Leaving out all pictures, return the records word for word.

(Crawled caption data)
__________
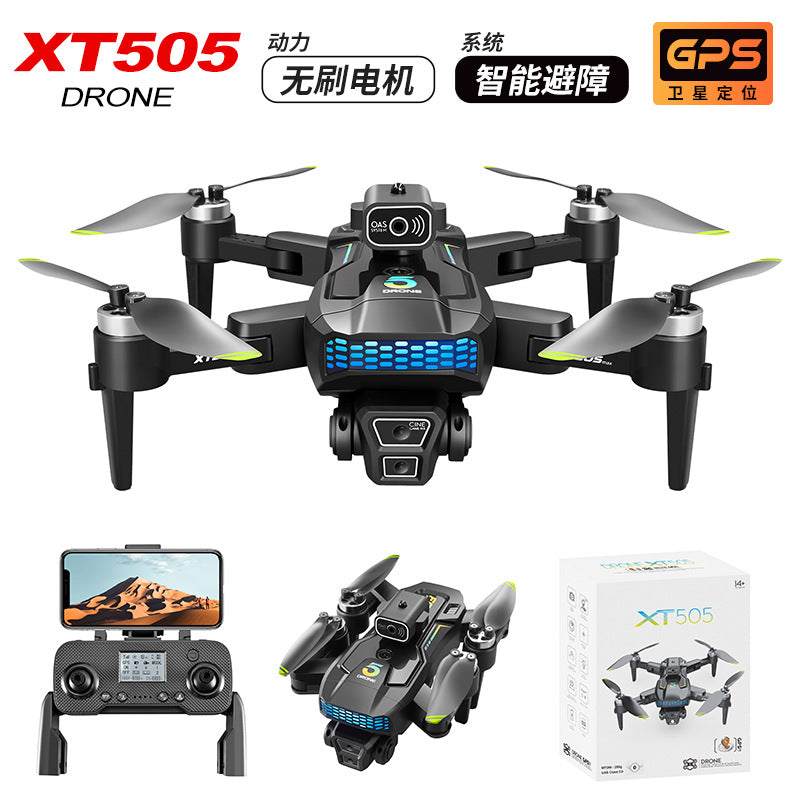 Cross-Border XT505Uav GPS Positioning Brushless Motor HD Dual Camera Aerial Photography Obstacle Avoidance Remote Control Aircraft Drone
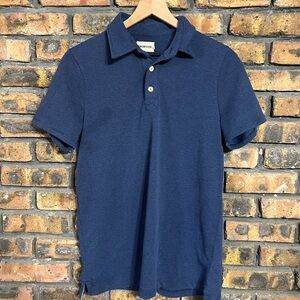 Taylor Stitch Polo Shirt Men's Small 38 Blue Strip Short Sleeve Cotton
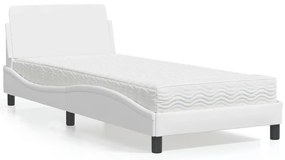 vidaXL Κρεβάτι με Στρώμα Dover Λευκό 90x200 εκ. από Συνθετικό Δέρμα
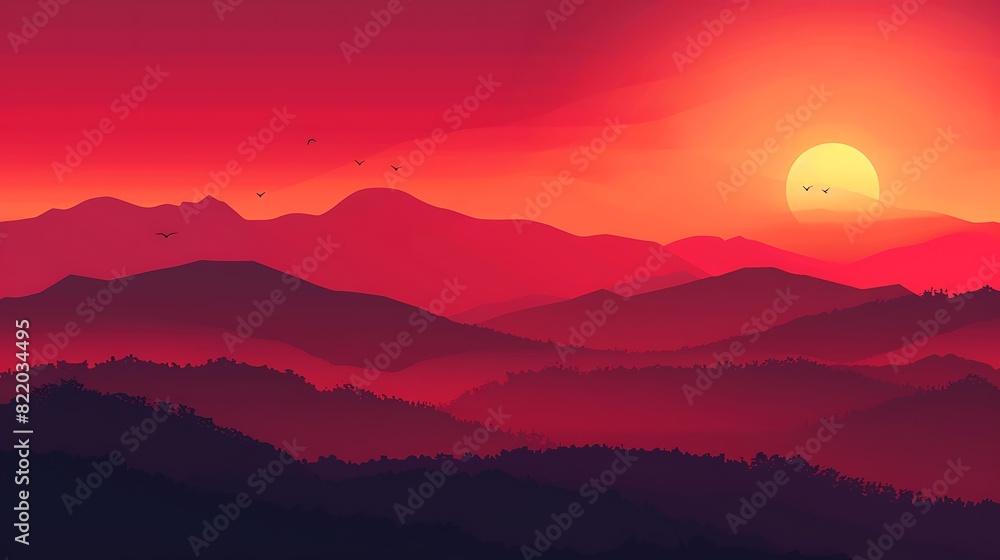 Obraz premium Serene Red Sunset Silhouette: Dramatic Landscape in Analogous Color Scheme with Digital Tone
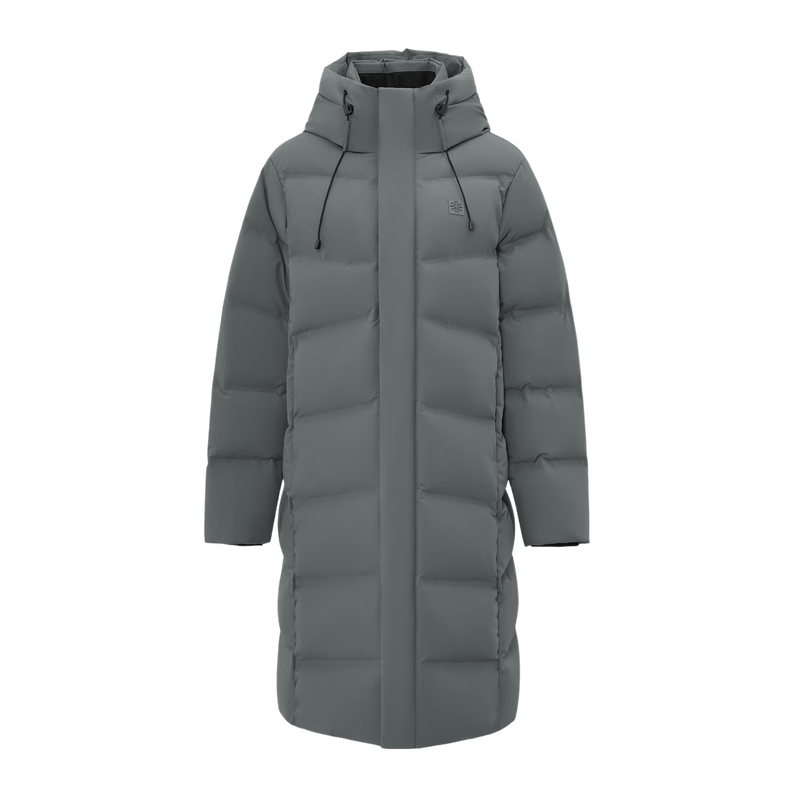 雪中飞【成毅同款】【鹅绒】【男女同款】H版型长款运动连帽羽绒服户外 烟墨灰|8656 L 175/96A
__________
### REPLY:
 Cross-Border XT505Uav GPS Positioning Brushless Motor HD Dual Camera Aerial Photography Obstacle Avoidance Remote Control Aircraft Drone
 Taylor Stitch Polo Shirt Men's Small 38 Blue Strip Short Sleeve Cotton
 vidaXL Κρεβάτι με Στρώμα Dover Λευκό 90x200 εκ. από Συνθετικό Δέρμα
 Obraz premium Serene Red Sunset Silhouette: Dramatic Landscape in Analogous Color Scheme with Digital Tone
 雪中飞【成毅同款】【鹅绒】【男女同款】H版型长款运动连帽羽绒服户外 烟墨灰|8656 L 175/96A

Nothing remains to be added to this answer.